• _Information shown_:
********************
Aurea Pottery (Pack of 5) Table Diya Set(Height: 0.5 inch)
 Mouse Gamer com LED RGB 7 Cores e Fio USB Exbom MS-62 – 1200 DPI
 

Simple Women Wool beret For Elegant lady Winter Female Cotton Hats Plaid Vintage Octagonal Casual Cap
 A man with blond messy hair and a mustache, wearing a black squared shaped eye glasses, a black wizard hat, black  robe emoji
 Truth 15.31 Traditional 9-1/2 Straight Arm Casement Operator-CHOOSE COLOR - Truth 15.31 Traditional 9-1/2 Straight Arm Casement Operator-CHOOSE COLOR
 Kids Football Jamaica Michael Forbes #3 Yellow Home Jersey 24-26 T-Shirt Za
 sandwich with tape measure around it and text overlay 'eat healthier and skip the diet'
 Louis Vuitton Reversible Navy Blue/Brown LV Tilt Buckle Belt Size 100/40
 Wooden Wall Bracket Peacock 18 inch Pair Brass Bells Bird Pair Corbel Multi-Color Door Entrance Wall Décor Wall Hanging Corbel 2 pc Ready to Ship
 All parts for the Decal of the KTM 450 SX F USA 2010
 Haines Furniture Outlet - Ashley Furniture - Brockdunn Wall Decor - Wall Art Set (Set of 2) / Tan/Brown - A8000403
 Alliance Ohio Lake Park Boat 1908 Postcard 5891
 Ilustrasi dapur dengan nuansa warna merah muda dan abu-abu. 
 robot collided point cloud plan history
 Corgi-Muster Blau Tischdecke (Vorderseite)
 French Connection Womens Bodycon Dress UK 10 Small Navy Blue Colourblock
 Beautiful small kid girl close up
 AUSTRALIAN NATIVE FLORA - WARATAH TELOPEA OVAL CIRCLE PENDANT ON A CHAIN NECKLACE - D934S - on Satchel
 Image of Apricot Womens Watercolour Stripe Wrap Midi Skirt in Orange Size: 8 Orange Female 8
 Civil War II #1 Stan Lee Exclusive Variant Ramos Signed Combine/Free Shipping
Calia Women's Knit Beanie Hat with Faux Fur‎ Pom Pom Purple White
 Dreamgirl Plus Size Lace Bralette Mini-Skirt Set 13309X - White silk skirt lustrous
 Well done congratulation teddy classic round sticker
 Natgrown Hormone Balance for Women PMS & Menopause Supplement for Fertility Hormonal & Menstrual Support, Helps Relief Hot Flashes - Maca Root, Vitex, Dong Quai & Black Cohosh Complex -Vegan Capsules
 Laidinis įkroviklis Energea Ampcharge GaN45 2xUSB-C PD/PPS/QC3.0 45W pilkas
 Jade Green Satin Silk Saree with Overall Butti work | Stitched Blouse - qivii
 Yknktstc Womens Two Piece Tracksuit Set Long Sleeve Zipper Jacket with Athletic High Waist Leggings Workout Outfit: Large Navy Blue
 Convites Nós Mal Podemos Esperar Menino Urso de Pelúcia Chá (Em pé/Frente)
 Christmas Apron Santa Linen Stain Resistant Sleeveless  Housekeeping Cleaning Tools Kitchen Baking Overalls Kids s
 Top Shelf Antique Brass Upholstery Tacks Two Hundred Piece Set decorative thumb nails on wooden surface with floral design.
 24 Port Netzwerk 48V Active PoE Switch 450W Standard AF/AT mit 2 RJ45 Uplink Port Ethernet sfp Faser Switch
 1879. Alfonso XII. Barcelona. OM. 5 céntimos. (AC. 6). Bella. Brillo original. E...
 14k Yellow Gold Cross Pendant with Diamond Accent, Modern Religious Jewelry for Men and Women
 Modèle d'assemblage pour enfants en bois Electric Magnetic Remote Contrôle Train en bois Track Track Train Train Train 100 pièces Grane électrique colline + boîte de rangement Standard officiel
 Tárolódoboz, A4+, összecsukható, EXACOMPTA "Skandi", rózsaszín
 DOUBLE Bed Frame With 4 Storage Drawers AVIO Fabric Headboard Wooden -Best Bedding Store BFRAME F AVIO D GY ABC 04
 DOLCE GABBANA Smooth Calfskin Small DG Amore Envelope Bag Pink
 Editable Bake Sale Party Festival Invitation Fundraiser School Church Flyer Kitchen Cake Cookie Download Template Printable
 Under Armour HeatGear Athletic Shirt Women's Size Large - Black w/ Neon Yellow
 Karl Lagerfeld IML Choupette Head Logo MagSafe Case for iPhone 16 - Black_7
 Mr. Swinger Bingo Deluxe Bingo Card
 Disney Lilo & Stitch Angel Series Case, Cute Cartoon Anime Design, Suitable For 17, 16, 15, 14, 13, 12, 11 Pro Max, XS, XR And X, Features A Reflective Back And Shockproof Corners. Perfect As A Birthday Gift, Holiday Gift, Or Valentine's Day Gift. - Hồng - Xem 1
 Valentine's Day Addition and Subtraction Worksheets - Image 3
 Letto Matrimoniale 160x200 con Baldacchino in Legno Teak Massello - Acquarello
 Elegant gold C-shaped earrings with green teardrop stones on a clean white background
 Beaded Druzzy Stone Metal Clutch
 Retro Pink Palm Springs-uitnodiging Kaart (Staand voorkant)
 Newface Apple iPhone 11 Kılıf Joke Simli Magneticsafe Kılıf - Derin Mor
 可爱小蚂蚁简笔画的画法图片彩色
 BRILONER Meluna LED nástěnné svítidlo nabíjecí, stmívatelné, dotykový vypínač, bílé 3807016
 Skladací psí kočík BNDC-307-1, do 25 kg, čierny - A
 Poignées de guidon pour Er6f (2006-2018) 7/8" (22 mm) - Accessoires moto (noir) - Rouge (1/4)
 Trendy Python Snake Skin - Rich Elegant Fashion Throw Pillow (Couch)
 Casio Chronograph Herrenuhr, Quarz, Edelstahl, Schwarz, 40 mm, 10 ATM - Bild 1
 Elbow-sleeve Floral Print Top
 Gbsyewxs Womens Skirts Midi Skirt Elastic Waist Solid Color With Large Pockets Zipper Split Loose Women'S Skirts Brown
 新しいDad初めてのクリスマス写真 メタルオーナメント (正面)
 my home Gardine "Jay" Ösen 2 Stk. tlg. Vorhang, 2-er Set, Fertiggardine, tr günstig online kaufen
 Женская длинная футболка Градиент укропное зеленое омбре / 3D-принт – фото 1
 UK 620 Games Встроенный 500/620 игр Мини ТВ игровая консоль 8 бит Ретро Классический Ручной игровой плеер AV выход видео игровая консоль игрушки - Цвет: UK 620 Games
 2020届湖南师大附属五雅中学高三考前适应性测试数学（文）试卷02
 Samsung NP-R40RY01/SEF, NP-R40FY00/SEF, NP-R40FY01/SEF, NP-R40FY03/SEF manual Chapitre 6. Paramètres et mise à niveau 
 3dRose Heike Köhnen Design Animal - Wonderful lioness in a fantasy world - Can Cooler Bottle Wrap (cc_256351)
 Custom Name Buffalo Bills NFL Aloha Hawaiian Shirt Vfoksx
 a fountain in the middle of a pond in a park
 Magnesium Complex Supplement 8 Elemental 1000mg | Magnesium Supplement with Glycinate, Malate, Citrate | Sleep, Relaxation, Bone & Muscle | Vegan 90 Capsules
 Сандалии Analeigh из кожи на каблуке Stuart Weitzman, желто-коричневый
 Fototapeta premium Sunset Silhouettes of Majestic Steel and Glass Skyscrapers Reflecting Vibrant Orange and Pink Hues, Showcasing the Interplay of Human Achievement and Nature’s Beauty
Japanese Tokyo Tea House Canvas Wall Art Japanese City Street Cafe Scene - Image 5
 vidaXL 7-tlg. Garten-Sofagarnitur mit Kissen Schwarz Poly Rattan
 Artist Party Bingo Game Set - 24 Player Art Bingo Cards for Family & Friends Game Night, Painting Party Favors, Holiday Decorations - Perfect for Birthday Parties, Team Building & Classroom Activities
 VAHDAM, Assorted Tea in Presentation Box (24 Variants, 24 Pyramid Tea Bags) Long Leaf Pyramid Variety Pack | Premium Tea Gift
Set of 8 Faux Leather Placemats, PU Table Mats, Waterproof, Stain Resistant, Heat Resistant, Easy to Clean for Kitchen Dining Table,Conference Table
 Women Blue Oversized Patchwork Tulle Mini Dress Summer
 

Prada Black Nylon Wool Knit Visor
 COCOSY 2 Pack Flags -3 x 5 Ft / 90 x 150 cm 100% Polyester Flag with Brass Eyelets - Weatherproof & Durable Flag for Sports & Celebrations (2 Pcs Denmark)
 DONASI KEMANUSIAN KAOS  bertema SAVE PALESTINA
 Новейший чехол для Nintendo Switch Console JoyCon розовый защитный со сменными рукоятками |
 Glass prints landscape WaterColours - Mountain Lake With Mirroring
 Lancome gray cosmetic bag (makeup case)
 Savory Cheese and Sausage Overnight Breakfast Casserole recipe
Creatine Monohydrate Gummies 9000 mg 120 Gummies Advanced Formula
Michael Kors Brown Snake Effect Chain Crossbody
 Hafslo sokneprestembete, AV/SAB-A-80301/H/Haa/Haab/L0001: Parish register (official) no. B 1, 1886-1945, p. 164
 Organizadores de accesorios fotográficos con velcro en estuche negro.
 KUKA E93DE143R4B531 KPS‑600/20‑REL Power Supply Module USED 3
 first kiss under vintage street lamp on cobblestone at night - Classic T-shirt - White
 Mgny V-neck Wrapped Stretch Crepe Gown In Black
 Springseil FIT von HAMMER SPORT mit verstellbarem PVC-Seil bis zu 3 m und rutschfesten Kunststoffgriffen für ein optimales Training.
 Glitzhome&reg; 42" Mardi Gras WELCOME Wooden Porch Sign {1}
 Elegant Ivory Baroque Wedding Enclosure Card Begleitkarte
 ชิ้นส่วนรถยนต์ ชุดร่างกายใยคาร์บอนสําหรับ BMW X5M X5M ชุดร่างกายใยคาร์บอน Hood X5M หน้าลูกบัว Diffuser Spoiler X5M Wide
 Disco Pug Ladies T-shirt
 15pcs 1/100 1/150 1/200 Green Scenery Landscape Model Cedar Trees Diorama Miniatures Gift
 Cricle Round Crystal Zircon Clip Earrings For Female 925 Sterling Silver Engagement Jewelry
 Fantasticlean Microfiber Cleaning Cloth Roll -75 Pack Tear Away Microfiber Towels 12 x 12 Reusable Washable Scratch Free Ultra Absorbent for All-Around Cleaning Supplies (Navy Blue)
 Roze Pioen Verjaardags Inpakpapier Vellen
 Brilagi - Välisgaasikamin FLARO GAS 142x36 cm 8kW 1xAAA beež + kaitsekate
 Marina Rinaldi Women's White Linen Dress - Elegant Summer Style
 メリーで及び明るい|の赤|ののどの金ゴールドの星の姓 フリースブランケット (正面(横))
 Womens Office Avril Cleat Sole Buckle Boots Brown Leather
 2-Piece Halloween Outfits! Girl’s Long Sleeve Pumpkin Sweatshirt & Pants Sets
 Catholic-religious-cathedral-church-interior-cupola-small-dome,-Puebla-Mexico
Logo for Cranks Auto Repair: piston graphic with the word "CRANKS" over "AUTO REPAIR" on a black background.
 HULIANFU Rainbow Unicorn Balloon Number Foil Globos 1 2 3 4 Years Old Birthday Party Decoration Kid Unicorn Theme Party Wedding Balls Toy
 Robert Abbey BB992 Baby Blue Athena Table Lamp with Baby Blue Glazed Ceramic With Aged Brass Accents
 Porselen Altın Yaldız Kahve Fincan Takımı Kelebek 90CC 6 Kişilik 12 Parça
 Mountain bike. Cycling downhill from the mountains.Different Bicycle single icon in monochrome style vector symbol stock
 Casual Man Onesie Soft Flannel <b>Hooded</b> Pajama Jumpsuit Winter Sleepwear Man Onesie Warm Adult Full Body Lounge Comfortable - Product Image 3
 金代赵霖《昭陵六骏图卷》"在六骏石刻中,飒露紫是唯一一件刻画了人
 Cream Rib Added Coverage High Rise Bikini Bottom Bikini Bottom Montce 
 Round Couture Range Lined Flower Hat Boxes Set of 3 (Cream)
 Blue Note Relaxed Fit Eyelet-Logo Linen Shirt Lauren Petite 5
********************
Go through the records above and copy every line with the word "Resistant".

• _Task response_:
 Christmas Apron Santa Linen Stain Resistant Sleeveless  Housekeeping Cleaning Tools Kitchen Baking Overalls Kids s
Set of 8 Faux Leather Placemats, PU Table Mats, Waterproof, Stain Resistant, Heat Resistant, Easy to Clean for Kitchen Dining Table,Conference Table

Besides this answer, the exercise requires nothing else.